Will construction companies have an easier way to reach settlements with public investors in Poland?
By Joanna Łagowska and Łukasz Gembiś, K&L Gates, Warsaw
In Poland, for years now we have seen a steady increase in the number of commercial disputes referred to the common courts. According to the information provided in April 2016 by Undersecretary of the Ministry of Infrastructure and Construction, Jerzy Szmit, the value of the claims that contractors brought to the court, or intend to bring, amounted to approximately €2.5 billion, covering 5000 cases (only regarding road construction disputes).
Although the efficiency of the Polish courts has improved in the last few years, the average duration of court proceedings in Poland is still very long. Amicable dispute resolution is one method to deal with the resulting delays (for example by way of conciliation or mediation procedures etc.). However, unfortunately, despite various initiatives to promote such methods by both the Ministry of Justice and the Ministry of Development, government bodies and state budgetary units only occasionally make use of procedures for the amicable settlement of disputes arising under civil law. It appears that the main factor preventing public investors from wider use of such amicable dispute resolution methods is a fear of incurring liability for breach of public finance discipline.

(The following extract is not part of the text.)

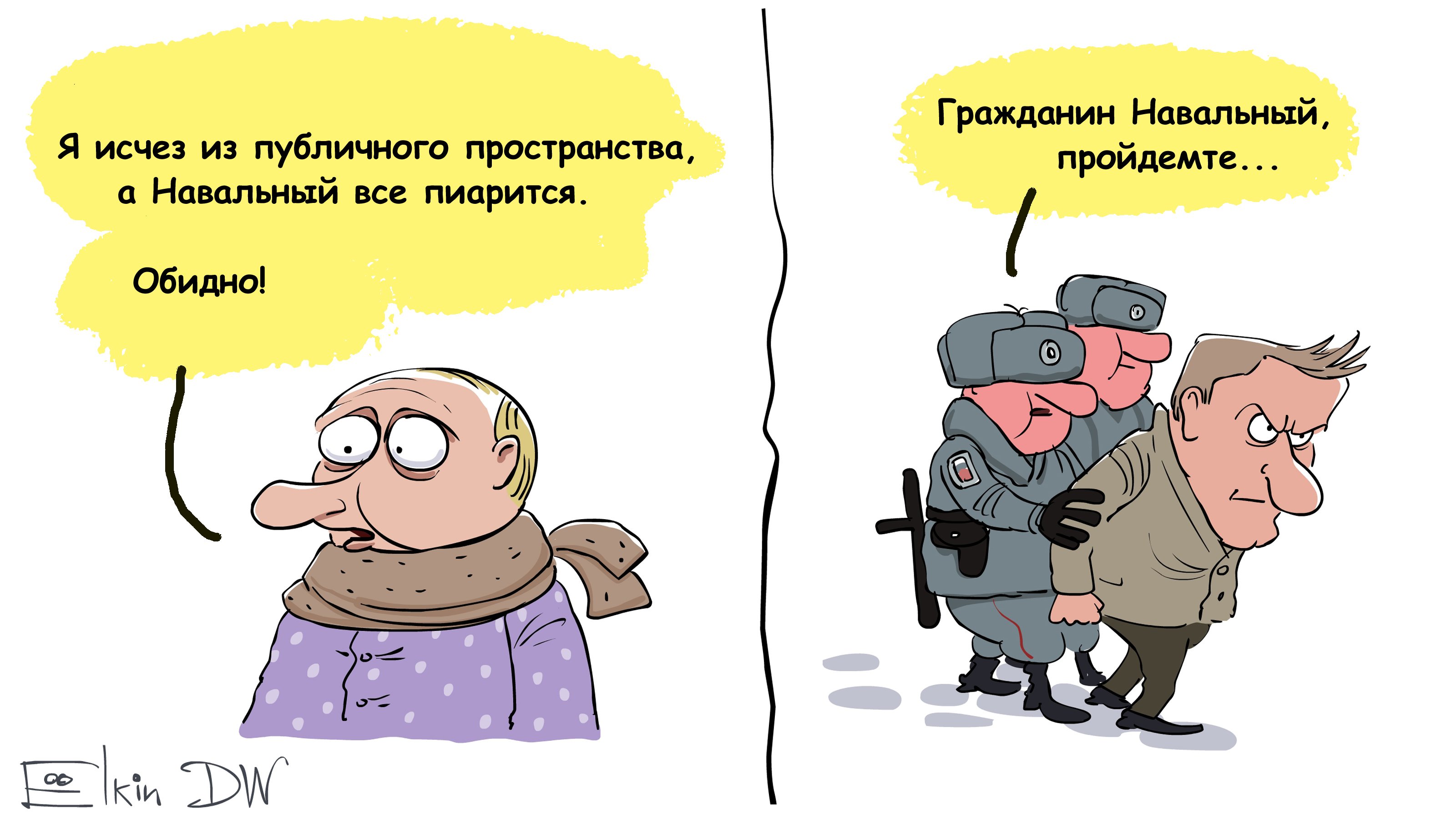 Рутин и Навальный карикатура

An analysis of rules on redemption of liabilities arising from monetary claims of civil law attached to state budget envisaged in the Public Finance Act, shows that de lege lata there is no clear legal regulation of the conditions of concluding settlements on receivables under civil law attributable to a public investor. However, under Polish Civil Code, it is a requirement of concessions resulting from the nature of the settlement that a public investor must make (for example, through redemption of part of the receivables falling under contractual penalties). In the absence of clear regulations on the conditions of concluding settlements in the Public Finance Act, the risk related to liability for breach of discipline of public finances by public investors will remain.
Under Article 5 paragraph 1 of the Public Finance Act concerning liability for violation of public finance discipline, the liability provided for in this Act may be incurred for, amongst other things, irregularities committed in determining and redemption monetary claims. Responsibility for violation of public finance discipline is potentially borne by a very wide range of persons, for example by managers of public sector financial entities or persons acting on behalf of an entity not regarded as the public finance sector, but which was give the right to use or dispose of public funds. This could include the representatives of the largest public investors on the infrastructure market in Poland.
The case law, unfortunately, does not provide any greater clarity in terms of the criteria that should be taken into account by public sector bodies when settling disputes.
In the absence of a system of standards which would define the appropriate conditions for an amicable settlement on enforcing recovery of receivables under civil law by public entities, various draft amendments are being proposed. These have been prepared by the Ministry of Development as part of the package: “100 changes for companies – Package of facilitation for businesses”, a planned amendment to the Public Finance Act.
The new proposed Article 54a of the Public Finance Act would oblige public bodies to consider whether it would be more favorable, from a legal and financial point of view, to conduct litigation or reach an amicable settlement. A public entity would also be obliged to take account of the circumstances of the case, the legitimacy of disputed claims (for example, by analyzing court decisions in similar factual and legal situation) and the probability of settling them and the anticipated costs of the proceedings. This proposal seeks to rationalize the expenditure covered by public funds. It may also result in a shortening the term of receipt of payment by contractors from the debtor being the public investor.
These amendments, although on the whole positive, do not completely solve the risk to public investors of possible charges of violation of public finance discipline in the event of a settlement. Changing this state of affairs seems to be impossible without a simultaneous adaptation of provisions of the law on breach of public finance discipline (which still give much room for accusations of violation of public finance discipline) or the introduction of additional mechanisms to minimize the risk of exposing representatives of public entities to such liability.
If these amendments are ultimately effected, their actual impact on public entities’ concluding of settlements will only become clear over the next few years. However, if they do actually increase the amount of settlement agreements concluded by public investors and contractors, this is likely to have a very positive effect on the ability of parties in the construction industry to enforce payment of contractual receivables. This will improve the financial condition of these companies, while at the same time partially ‘unblocking’ the judicial system in Poland.